Studs and Duds of the Cleveland Browns' Last 5 Draft Classes

Andrea HangstFeatured Columnist IVApril 4, 2013

NEW YORK, NY - APRIL 28:  NFL Commissioner ROger Goodell (L) poses for a photo with Phil Taylor, #21 overall pick by the Cleveland Browns, on stage during the 2011 NFL Draft at Radio City Music Hall on April 28, 2011 in New York City.  (Photo by Chris Trotman/Getty Images)
Chris Trotman/Getty Images

For all of the struggles the Cleveland Browns have had in the win department, one would think that their recent draft history was partially to blame.

However, over the past five years, the Browns actually haven't had terrible drafts—granted, there have been players who have ultimately not managed to contribute much in Cleveland or in the NFL in general, but there are recent Browns drafts that have proved fruitful from top to bottom (2011 being a shining example).

With this year's draft rapidly approaching, now is a good time to take a look back and see who's worked out and who simply hasn't among the Browns' recent selections. Here are the studs and duds among the Browns' last five draft classes.


Stud: CB Joe Haden, 2010, Round 1, Pick 7

Browns cornerback Joe Haden has only played three seasons in the NFL, but he's already being lumped in with the league's best players at his position. Though his 2011 season was somewhat of a disappointment—he had no interceptions—he bounced back quite well in 2012 with three picks despite there being little consistent stability at the other outside corner position and despite his four-game suspension.

While it seems easy to call Haden a stud—look at his draft position, after all—a top-10 pick is still no sure thing. There's draft billing and then there's living up to it, and Haden already has in his short career. If the Browns can get another quality corner to pair with him on the outside this year, there's little doubt Haden could end the season among the top five cornerbacks in the league.


Dud: QB Colt McCoy, 2010, Round 3, Pick 85

While some may think quarterback Colt McCoy wasn't given a fair shake in Cleveland, the fact that he wasn't given the opportunity to take the starting job and make it his own through three different coaching regimes speaks to how well-suited he is to be a starter. For a team like the Browns that has been clamoring for a franchise passer to lead their offense, McCoy's three-year staying power still didn't give him the upper hand in the battle for the job.

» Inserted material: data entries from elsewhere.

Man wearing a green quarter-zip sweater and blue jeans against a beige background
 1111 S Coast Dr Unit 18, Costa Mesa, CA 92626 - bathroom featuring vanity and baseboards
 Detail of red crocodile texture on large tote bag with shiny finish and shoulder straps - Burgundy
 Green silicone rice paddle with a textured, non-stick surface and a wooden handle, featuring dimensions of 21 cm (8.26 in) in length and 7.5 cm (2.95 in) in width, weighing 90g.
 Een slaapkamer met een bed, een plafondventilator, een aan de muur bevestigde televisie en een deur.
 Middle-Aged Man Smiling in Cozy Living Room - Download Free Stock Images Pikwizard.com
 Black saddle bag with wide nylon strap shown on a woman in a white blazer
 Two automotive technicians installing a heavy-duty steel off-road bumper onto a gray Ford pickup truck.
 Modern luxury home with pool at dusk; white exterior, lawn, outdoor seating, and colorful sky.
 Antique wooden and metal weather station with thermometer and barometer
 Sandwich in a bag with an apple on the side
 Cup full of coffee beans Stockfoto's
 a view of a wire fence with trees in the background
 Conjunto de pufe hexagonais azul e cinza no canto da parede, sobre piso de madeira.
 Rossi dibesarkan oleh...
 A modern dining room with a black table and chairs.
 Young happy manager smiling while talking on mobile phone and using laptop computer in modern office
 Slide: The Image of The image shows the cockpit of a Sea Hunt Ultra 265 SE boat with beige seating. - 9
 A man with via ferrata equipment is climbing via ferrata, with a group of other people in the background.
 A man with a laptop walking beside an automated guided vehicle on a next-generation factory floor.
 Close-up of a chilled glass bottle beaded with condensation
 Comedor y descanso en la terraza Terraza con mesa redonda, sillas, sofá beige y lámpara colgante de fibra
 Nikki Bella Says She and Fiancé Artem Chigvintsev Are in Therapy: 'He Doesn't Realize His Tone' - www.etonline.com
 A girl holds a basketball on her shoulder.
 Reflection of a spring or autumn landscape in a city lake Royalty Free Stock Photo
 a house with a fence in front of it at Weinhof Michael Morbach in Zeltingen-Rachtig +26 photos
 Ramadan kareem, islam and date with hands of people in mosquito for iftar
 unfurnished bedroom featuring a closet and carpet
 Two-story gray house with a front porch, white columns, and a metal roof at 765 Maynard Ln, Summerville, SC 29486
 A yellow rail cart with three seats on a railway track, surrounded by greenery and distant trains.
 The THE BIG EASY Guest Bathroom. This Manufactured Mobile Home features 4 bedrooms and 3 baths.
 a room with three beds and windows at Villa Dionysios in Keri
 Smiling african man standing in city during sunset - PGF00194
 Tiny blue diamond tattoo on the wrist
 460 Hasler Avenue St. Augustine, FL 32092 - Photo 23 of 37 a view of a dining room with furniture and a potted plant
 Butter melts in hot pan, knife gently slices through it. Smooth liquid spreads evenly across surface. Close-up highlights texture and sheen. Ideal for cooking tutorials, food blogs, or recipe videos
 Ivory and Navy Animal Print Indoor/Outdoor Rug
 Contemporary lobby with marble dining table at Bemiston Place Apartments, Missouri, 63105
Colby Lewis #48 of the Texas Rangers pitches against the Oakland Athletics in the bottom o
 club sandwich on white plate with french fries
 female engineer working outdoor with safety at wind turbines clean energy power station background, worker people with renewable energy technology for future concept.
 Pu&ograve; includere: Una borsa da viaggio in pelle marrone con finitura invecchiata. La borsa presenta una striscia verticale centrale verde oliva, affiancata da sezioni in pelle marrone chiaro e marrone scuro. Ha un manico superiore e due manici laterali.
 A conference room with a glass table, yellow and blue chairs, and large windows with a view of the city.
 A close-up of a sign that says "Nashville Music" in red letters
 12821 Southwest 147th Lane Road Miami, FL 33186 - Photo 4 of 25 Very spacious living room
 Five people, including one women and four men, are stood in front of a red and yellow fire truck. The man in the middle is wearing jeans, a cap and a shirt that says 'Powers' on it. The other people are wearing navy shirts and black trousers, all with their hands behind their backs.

McCoy played 24 games for the Browns, completing 409-of-702 total pass attempts for 4,388 yards, 21 touchdowns and 20 interceptions. He and a draft pick were shipped to the San Francisco 49ers at the beginning of April for two picks in return, where he'll reprise his backup role. 

To play quarterback in Cleveland requires many things, a major one being a strong arm. McCoy lacked the ability to get the ball consistently down the field, which made him a poor fit for the team and a poor use of a draft pick.


Stud: C Alex Mack, 2009, Round 1, Pick 21

A center is an unconventional first-round pick, but when you're a team that needs one and a talent like Alex Mack makes himself available, there's no reason to pass him up. And in Mack the Browns found one of the best centers in the league, someone destined to be an NFL lifer and someone who will probably make Cleveland his one and only team.

While Mack's pass-protection skills are clearly an asset—he gave up just three sacks in 2012 as well as single-digit hurries—his run-blocking capabilities are what makes him a top-10 center

Quality play, durability and consistency are necessary for any offensive line, and that starts with the center. As long as Mack is with the Browns, the rest of the line, no matter who they are, will be automatically better.


Dud: WR Brian Robiskie, 2009, Round 2, Pick 36

An attendant issue to the Browns' struggle to find a franchise quarterback has also been their problems finding reliable targets for that hypothetical man to throw to. The Browns thought they had something in 2009 when they took wide receiver Brian Robiskie in the second round of the draft, but instead they got a middling talent who simply fizzled out.

Robiskie had just one convincingly good season in college, in which he had 935 receiving yards, but clearly the Browns thought they could mold him into a long-term starter. It didn't work out, however—he played in only 31 games in his three seasons with the Browns and caught just 39 of the 80 passes thrown to him for a combined 441 yards and three touchdowns. He was released in 2011, and is now with his second team since the cut. That's not the ideal trajectory for an early second-round receiver.


Stud: DT Phil Taylor, 2011, Round 1, Pick 21

Though Phil Taylor's career stats don't have him among the best defensive tackles in the league, he's still been an excellent draft pickup for the Browns. Their switch to a 3-4 defense should do him many favors this year, considering Taylor is projected to be the team's nose tackle and he's—to put it plainly—a mountain of a man.

Taylor is more comfortable in a pass-rushing capacity than in stopping the run and his numbers reflect this—five sacks in 24 games, compared with just 73 combined tackles in that time. As a first-round pick, perhaps the Browns would like to have seen more out of him in his first two seasons, but as an anchor for the defensive line, he's a perfect fit.